→ THE PROBLEM
Find the lines below that contain the word "hands" and count them. Only the number should be given.
+++ DATA LISTING +++
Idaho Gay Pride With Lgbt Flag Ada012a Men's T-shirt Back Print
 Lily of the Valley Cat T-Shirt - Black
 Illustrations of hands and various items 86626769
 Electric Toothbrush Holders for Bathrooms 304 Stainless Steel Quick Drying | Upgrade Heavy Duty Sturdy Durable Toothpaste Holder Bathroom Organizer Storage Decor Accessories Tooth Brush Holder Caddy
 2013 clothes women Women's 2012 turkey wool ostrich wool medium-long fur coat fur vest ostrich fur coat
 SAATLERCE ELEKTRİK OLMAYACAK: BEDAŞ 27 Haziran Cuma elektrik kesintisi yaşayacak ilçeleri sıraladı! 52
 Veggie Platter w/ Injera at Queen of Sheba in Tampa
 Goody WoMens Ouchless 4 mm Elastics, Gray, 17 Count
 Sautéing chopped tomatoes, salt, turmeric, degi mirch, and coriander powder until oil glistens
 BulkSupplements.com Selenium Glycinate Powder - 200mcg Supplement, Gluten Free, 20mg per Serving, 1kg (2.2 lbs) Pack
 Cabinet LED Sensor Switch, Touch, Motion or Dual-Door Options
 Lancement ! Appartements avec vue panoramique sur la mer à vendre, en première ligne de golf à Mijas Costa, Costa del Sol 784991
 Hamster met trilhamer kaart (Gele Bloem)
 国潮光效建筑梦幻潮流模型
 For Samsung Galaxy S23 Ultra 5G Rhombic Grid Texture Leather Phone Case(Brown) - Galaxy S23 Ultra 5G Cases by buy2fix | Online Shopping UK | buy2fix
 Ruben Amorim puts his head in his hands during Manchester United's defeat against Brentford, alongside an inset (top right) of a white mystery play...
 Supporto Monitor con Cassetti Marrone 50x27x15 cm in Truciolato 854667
+++
→ RESULT
2